(Beginning of RECORDS SUPPLIED)

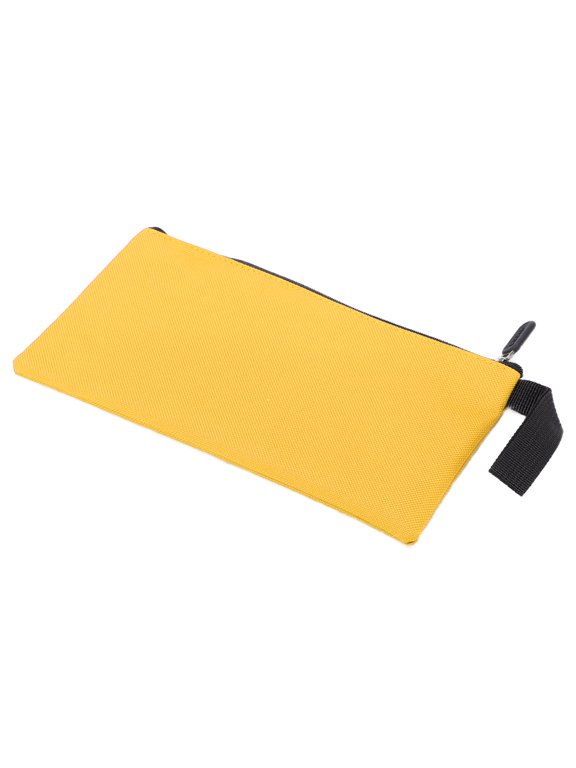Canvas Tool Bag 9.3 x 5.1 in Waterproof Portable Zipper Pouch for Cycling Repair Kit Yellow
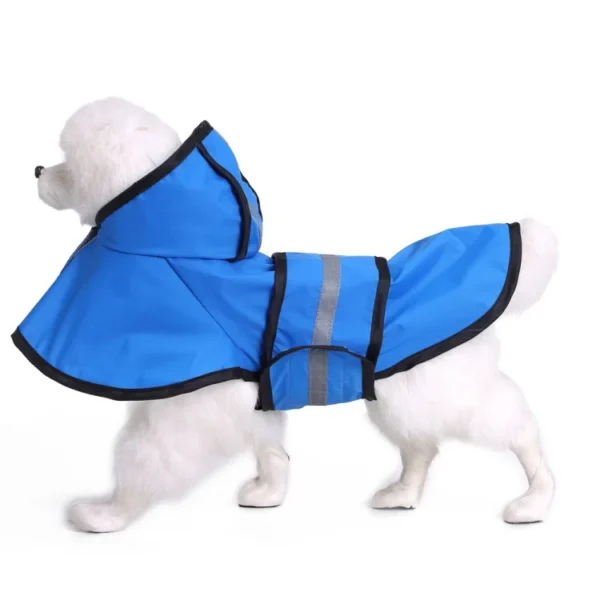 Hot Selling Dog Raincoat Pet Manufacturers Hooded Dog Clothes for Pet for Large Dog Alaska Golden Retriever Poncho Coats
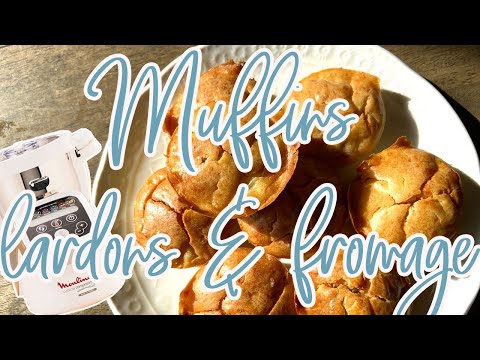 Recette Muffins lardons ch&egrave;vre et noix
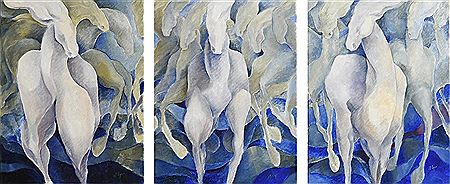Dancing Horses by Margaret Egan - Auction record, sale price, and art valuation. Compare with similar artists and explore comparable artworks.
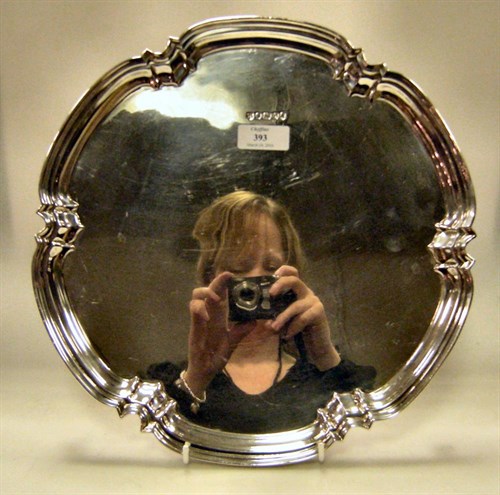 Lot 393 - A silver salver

(End of RECORDS SUPPLIED)
(Beginning of RECORDS SUPPLIED)

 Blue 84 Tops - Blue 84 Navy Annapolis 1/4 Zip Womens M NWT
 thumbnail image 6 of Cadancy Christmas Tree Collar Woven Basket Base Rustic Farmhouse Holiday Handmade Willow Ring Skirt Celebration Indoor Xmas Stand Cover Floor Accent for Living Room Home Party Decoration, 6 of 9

(End of RECORDS SUPPLIED)
(Beginning of RECORDS SUPPLIED)

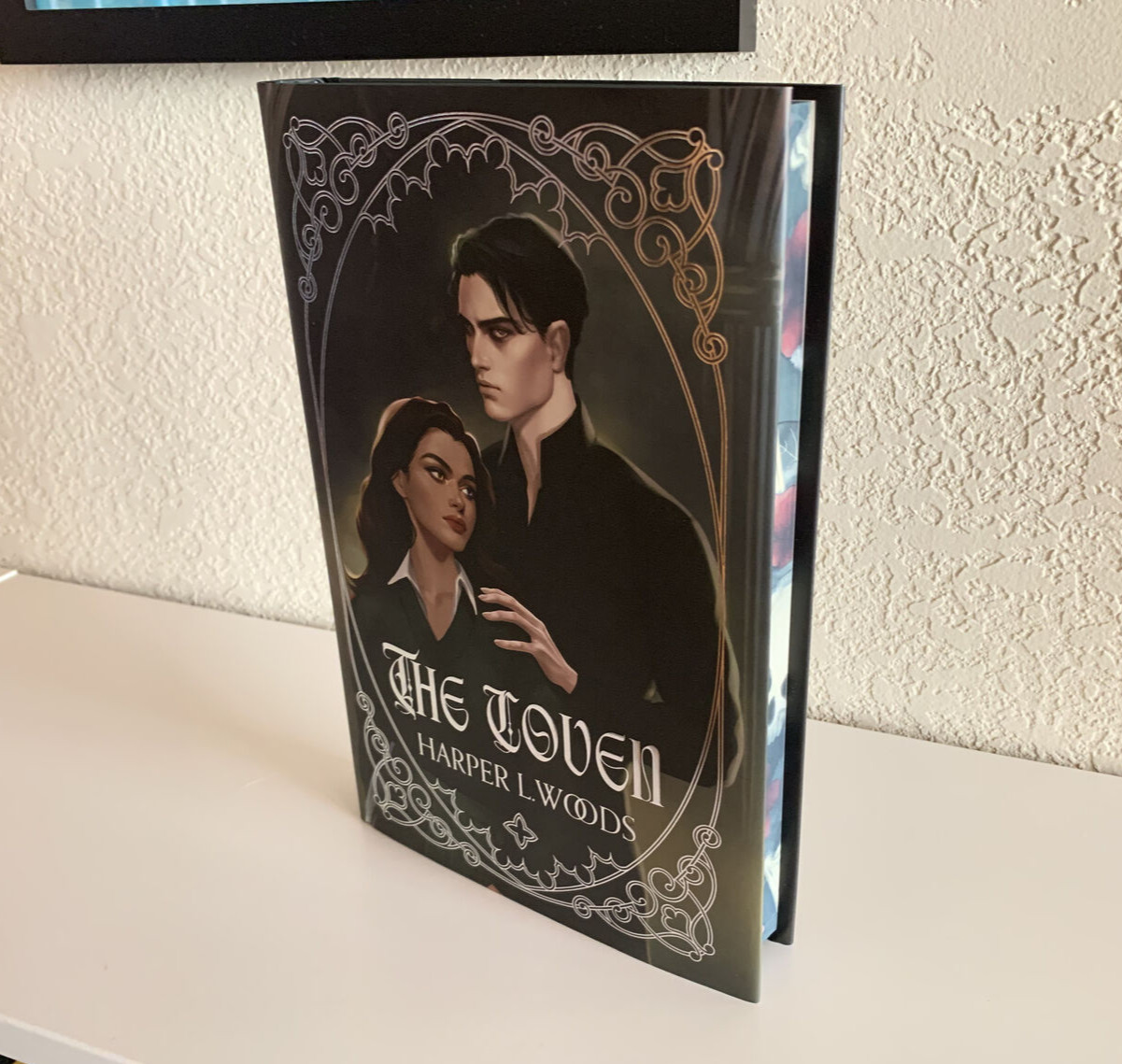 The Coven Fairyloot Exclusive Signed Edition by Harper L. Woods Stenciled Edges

(End of RECORDS SUPPLIED)

REQUIRED WORK: Given the listing above, repeat exactly the lines starting at the one with "Canvas Tool Bag" and ending at the one with "Lot 393 - A silver salver", inclusive, excluding pictures.

OUTPUT BELOW:
Canvas Tool Bag 9.3 x 5.1 in Waterproof Portable Zipper Pouch for Cycling Repair Kit Yellow
 Hot Selling Dog Raincoat Pet Manufacturers Hooded Dog Clothes for Pet for Large Dog Alaska Golden Retriever Poncho Coats
 Recette Muffins lardons ch&egrave;vre et noix
Dancing Horses by Margaret Egan - Auction record, sale price, and art valuation. Compare with similar artists and explore comparable artworks.
 Lot 393 - A silver salver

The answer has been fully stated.